Think it's really important for me now to get my degree certificate 'attested' for any visa application process I may need to complete and to inform prospective employers that I have began the process but are there any other documents I should get attested at the same time. I assume this way I then have everything in place should I need to move quickly???


----------



## Harms100 (Mar 18, 2012)

Hi guys, wondered if you can help with suggestions on attesting certificates.

At the moment I have no firm job offer but a couple of really promising discussions in the pipeline as well as my fiancé already securing herself a full time teaching post starting in mid-August.

Think it's really important for me now to get my degree certificate 'attested' for any visa application process I may need to complete and to inform prospective employers that I have began the process but are there any other documents I should get attested at the same time. I assume this way I then have everything in place should I need to move quickly???[/QUOTE]


----------



## Cos_mo (Feb 9, 2012)

Your degrees/certs and academic transcripts need to be attested. If u havnt secured a job yet I would get a written reference attested also. Get a police check done also.


----------



## Harms100 (Mar 18, 2012)

Hi Cos_mo, thanks for the information, by a police reference do you mean a CRB check? How about a driving licence or passport? I have three really great references via LinkedIn, so I should get them all on one sheet at also get th attested?


----------



## Cos_mo (Feb 9, 2012)

Harms100 said:


> Hi Cos_mo, thanks for the information, by a police reference do you mean a CRB check? How about a driving licence or passport? I have three really great references via LinkedIn, so I should get them all on one sheet at also get th attested?
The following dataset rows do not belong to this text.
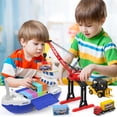 thumbnail image 2 of Set de vehículos de juguete CUTE STONE Crane & Cargo Ship con luces, 2 of 9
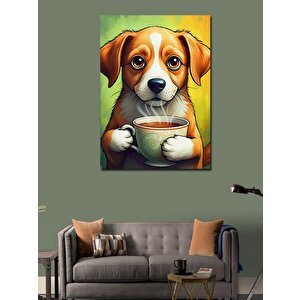 Kanvas Tablo Kahve İçen Köpek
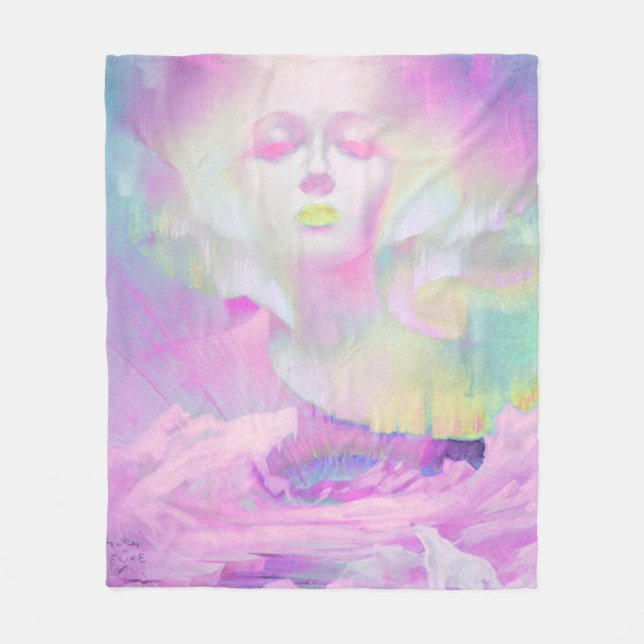 Aurora von Clive Henry rosa Pastellfarben Fleecedecke (Vorderseite)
A police check...the equivalent of Garda clearance in Ireland...to show you have no convictions etc.

With regard to ref...I'm starting job in Dubai in aug and its one of the documents I have to get attested...sch stipulated that it's from a sch where I have worked in for more than two yrs. More references required if u havnt worked in a sch for more than 2 yrs. 

You will need to provide copy of passport.

Hope that helps!


----------



## Harms100 (Mar 18, 2012)

Ok that helps thanks, your copy of the passport - was that attested too?

So to confirm for sure get my degree certificate, CRB and reference....and maybe copy of my passport?

I am just trying to be as pro-active as possible and get as much sorted as possible myself to make me 'employable'' if you see what I mean? 

Congrats on securing a teaching job out there by the way!


----------



## wandabug (Apr 22, 2010)

You don't need to attest passport or driving licence.


----------



## Harms100 (Mar 18, 2012)

Hi wandabug - thanks for that, pretty safe to say my degree certificate and my CRB are decimated then! Anything else you are aware of?


----------



## wandabug (Apr 22, 2010)

only your marriage certificate, if you get married.


----------



## Harms100 (Mar 18, 2012)

Great thanks very much!


----------